The Apple Leather Case improved 99% of our complaints from the iPhone 6s version, which all surrounded around the mushy buttons. Now that the Leather Case has machined aluminum volume and sleep/wake buttons, it’s our pick as an overarching, general purpose iPhone 7 Plus case. The Silicone Case is still pretty great, but it hasn’t been changed in the slightest from 2016. For an extra $10, we recommend the Leather Case.
On the thin and light side, we’re excited to recommend the Thin Fit from Spigen. Somehow, this case checks all the boxes. The hard plastic, grippy shell is thin enough to feel great in your hand, while still thick enough to protect the iPhone from minor drops. It’s also super inexpensive, making it very easy to recommend.

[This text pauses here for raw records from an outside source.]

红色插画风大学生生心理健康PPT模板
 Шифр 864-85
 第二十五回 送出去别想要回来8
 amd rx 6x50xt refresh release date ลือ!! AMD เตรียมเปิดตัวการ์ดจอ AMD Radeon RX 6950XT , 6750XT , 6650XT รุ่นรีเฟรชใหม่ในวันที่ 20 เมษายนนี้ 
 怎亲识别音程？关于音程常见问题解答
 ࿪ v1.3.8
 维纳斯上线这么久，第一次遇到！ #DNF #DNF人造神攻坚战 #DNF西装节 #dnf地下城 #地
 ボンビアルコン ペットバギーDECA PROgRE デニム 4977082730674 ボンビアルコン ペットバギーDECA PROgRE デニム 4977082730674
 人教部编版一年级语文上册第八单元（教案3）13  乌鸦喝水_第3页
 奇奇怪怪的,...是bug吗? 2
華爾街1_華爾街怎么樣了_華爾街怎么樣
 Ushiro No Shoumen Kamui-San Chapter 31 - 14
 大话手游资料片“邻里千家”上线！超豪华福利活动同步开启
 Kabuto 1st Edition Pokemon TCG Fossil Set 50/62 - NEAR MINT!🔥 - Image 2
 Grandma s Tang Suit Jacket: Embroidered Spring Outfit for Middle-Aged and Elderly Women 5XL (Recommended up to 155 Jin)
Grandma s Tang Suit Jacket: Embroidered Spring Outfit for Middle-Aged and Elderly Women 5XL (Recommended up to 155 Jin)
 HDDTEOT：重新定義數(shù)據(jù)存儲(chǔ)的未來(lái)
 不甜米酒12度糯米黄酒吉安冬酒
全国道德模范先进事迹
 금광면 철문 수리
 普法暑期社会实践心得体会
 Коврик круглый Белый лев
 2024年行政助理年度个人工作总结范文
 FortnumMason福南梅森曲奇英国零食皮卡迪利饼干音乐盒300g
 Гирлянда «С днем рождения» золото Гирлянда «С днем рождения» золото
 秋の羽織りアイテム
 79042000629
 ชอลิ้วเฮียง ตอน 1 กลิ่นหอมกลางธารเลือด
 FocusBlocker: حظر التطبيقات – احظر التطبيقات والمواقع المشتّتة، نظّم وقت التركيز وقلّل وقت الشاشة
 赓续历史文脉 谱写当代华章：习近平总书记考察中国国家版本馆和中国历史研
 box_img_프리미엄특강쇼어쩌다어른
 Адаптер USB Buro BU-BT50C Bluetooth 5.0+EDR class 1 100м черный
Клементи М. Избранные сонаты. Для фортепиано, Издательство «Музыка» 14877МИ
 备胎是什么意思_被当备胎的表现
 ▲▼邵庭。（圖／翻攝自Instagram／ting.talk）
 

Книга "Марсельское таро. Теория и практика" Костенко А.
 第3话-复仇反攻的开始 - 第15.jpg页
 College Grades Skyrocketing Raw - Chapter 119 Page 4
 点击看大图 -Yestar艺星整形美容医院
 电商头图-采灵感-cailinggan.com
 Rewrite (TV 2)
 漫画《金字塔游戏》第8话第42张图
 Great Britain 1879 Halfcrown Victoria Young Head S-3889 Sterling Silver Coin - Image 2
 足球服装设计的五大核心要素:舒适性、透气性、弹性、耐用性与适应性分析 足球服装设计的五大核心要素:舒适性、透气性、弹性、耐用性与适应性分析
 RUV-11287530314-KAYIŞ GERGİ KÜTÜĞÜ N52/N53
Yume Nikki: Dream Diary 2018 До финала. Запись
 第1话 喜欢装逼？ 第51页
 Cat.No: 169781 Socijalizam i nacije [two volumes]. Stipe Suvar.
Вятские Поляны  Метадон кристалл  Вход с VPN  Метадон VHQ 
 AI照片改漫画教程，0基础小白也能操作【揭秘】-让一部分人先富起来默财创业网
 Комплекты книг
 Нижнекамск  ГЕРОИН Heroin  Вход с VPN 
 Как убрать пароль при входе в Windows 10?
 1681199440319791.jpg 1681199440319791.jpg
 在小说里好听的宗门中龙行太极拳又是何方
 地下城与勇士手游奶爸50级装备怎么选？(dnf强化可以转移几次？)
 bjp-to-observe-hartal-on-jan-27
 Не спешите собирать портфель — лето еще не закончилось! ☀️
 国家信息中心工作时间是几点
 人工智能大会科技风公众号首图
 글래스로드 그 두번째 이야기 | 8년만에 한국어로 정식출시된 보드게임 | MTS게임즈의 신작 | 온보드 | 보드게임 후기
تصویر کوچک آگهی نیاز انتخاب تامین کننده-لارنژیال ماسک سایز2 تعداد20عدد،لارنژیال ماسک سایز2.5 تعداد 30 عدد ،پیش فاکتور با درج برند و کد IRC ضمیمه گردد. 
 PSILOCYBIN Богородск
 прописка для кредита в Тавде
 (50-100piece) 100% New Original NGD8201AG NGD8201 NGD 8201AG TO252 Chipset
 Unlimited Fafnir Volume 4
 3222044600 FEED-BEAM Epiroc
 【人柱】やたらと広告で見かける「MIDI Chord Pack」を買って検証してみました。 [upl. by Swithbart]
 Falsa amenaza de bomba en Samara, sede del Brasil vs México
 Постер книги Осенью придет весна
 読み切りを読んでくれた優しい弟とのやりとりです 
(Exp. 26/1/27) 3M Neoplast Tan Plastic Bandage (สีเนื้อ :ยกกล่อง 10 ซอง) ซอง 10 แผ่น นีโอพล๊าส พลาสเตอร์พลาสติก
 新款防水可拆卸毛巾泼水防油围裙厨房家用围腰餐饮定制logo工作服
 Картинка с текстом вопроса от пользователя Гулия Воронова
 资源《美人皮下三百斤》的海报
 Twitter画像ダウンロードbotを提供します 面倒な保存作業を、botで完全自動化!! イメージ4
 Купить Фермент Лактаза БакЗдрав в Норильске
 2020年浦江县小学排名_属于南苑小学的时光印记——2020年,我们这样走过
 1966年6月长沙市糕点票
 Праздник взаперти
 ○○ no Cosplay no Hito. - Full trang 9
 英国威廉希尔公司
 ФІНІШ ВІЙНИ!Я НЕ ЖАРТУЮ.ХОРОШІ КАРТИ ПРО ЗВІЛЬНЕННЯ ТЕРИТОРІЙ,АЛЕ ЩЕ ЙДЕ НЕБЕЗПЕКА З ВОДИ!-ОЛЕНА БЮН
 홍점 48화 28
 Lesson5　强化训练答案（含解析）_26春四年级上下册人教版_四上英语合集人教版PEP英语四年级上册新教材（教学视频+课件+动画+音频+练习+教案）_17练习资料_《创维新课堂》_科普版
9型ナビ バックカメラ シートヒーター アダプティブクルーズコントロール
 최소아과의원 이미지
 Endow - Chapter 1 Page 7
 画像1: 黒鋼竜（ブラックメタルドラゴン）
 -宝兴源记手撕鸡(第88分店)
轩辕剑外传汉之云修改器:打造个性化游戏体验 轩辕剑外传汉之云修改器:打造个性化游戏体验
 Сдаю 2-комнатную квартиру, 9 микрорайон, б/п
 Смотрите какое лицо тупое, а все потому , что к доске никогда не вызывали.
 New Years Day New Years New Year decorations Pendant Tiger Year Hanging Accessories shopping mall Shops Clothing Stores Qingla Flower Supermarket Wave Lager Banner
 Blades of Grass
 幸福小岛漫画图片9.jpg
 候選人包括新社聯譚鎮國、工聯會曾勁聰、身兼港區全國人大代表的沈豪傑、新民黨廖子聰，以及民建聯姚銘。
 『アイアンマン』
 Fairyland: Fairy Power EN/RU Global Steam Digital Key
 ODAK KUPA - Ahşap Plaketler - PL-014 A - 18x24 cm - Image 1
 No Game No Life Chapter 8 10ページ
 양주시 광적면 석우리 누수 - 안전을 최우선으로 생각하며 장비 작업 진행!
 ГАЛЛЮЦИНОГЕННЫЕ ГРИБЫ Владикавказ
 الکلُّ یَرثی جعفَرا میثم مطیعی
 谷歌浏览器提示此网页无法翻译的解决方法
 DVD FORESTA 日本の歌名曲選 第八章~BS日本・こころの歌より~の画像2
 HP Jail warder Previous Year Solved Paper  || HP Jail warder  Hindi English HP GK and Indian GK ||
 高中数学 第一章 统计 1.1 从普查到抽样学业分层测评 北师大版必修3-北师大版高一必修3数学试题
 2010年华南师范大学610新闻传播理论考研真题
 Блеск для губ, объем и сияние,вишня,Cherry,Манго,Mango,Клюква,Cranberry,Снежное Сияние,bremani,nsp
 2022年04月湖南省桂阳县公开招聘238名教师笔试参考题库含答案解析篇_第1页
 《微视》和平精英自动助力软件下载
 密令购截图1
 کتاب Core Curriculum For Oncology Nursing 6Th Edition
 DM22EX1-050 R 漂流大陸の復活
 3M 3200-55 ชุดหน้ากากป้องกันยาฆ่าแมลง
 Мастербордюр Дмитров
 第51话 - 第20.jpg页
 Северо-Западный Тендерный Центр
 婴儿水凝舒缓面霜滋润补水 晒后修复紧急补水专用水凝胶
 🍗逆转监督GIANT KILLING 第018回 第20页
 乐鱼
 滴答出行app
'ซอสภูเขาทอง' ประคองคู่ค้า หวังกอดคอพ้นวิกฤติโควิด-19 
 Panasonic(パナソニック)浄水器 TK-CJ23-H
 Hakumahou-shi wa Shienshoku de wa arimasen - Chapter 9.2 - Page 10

And on the heavy duty side, the Otterbox Defender continues to go the extra mile in terms of defending your iPhone from harsh work environments. The Defender picks up right where last year’s model left off, meaning it’s next to impossible to install and uninstall quickly, but also provides unprecedented protection for your now water-resistant iPhone 7 Plus. If you need a case like the Otterbox Defender, its $45 price tag will feel like peanuts.
The wide industry of iPhone cases is hard to nail down on any given day. There are so many shapes, sizes, colors, durabilities, features — it’s impossible to flat out state which is the best iPhone case. After 10 years of iPhones, and more years of smartphones, most people will know how harsh they are on their devices. In all likelihood, most people buy the same updated case each time they buy an updated iPhone. If you’re one of those people, it’s likely you’ve already made up your mind.
But, if you’re looking to jump categories, the Apple Leather Case, Spigen Thin Fit, and Otterbox Defender are our favorite iPhone 7 Plus cases so far.